[Exercise prompt] The output should be the listing below, limited to the lines from the one with "Apartamento de 1" through the one with "Giacca da moto Ozone Striker nera Saldi", exact and without pictures.

[Dataset]
————

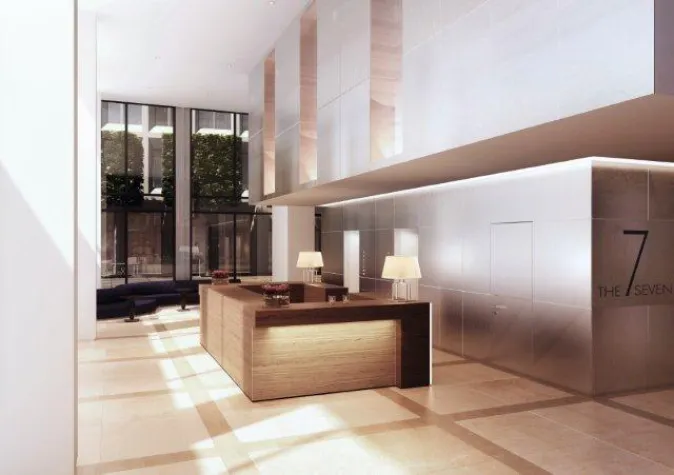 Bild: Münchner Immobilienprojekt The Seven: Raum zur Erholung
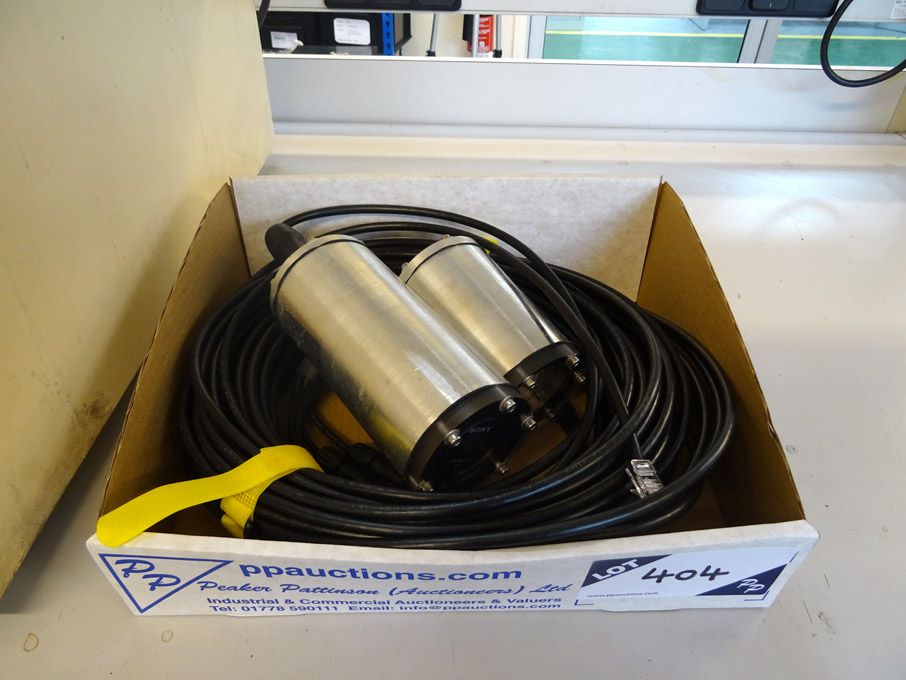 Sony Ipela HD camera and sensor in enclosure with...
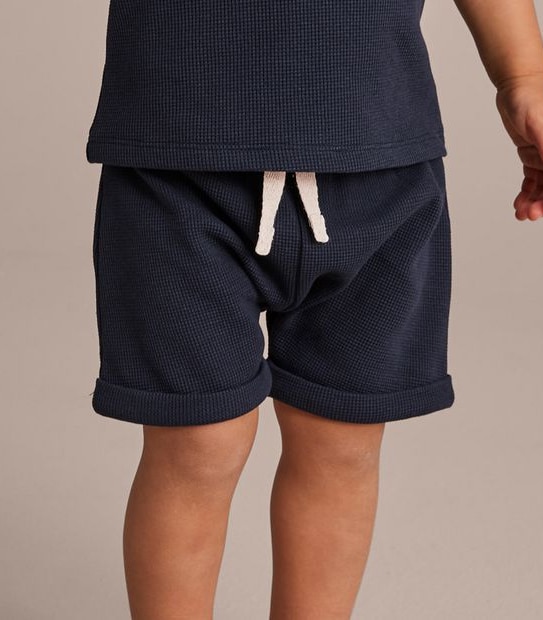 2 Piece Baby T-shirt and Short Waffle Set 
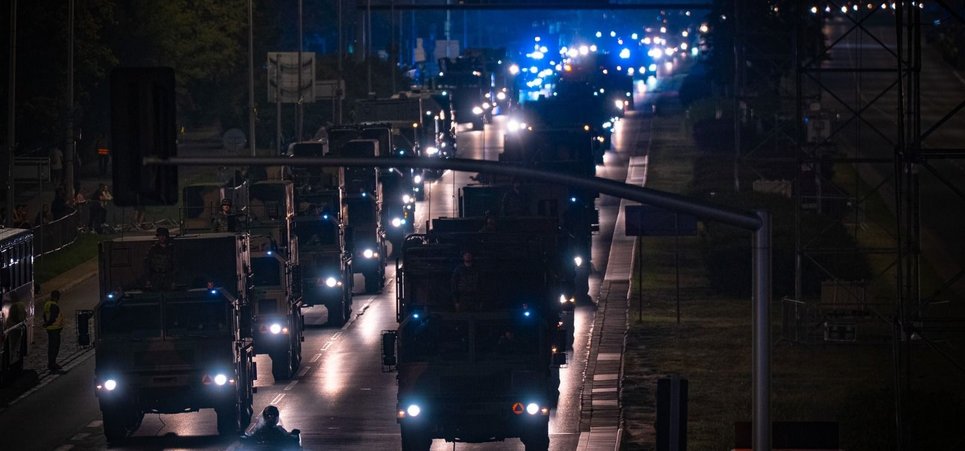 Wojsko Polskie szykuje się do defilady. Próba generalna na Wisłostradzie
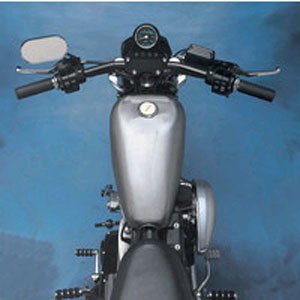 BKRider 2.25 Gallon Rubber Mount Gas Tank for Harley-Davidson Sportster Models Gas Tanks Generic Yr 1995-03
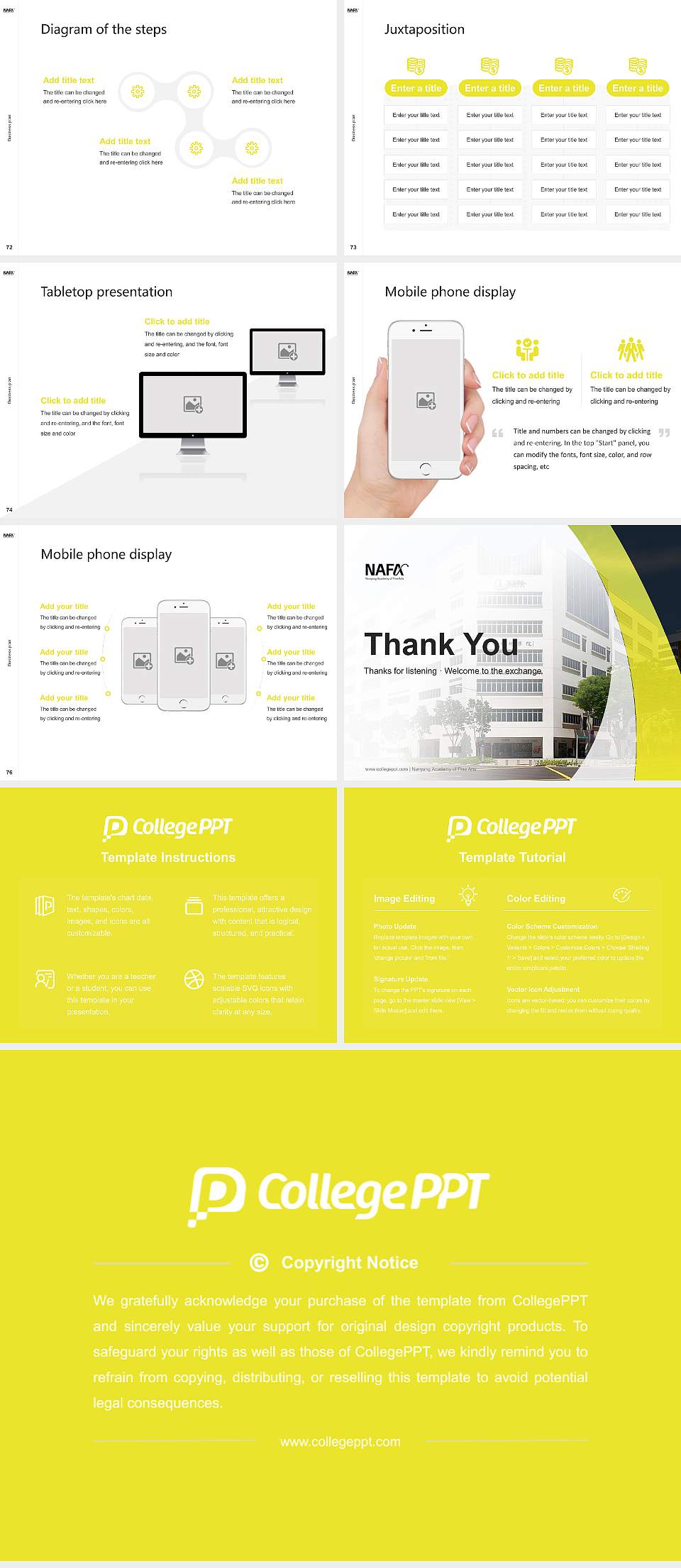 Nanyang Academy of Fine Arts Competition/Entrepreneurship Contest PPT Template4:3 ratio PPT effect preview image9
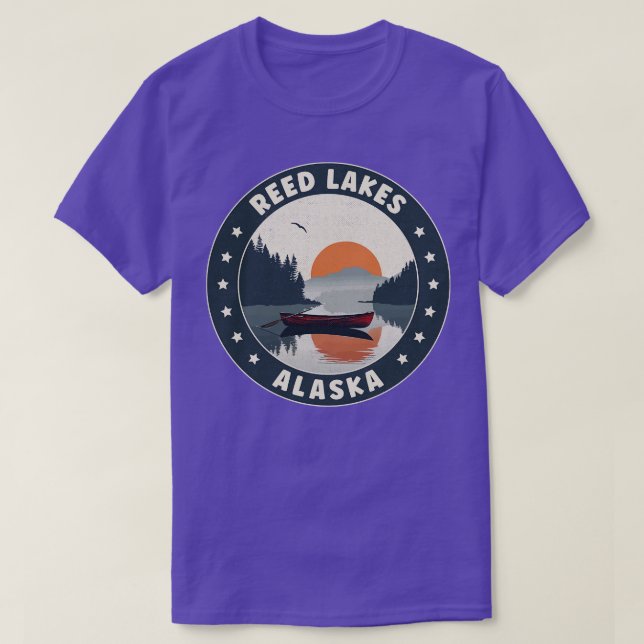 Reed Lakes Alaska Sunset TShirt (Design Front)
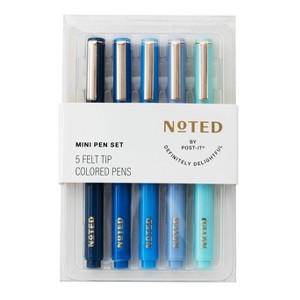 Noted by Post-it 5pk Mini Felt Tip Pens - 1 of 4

————

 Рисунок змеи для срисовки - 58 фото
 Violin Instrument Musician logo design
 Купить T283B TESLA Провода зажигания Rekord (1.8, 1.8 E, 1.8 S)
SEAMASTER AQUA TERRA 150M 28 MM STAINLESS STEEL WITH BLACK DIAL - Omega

————

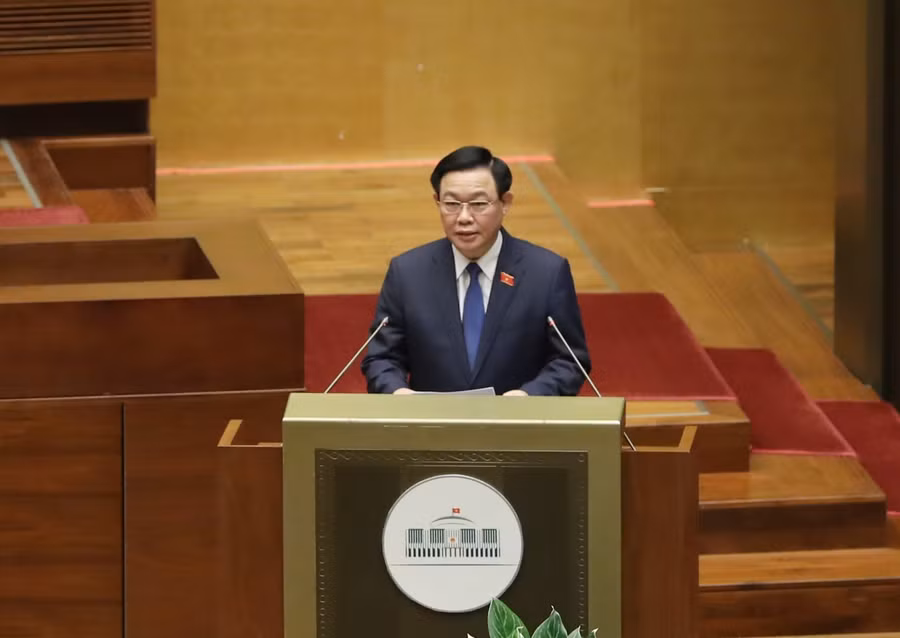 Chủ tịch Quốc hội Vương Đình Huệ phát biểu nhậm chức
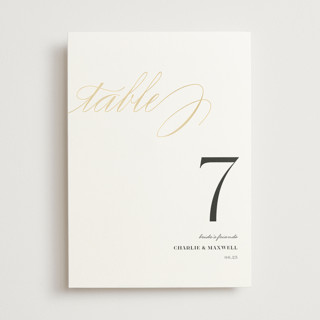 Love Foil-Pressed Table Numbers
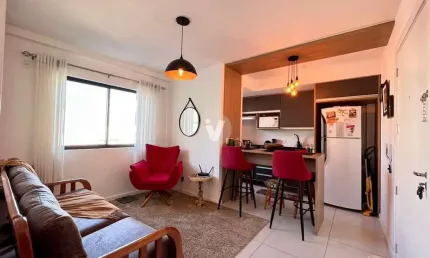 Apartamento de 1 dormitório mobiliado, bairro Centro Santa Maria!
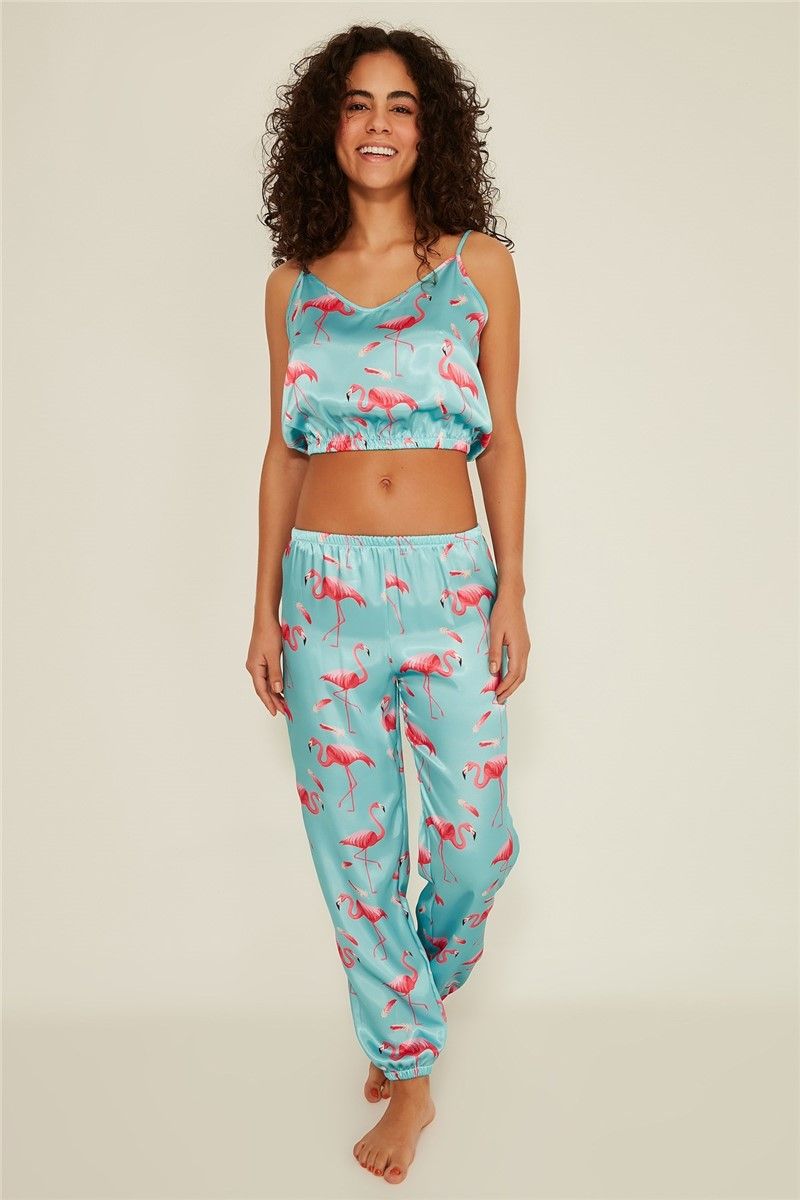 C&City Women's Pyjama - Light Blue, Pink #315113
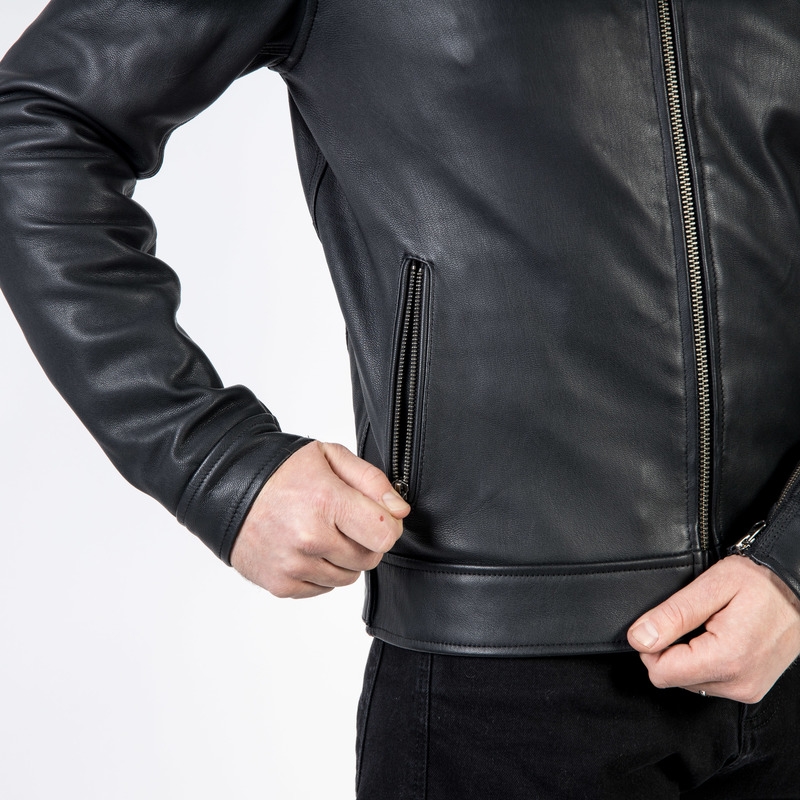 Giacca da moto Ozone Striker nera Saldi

————

[Exercise output]
 Apartamento de 1 dormitório mobiliado, bairro Centro Santa Maria!
 C&City Women's Pyjama - Light Blue, Pink #315113
 Giacca da moto Ozone Striker nera Saldi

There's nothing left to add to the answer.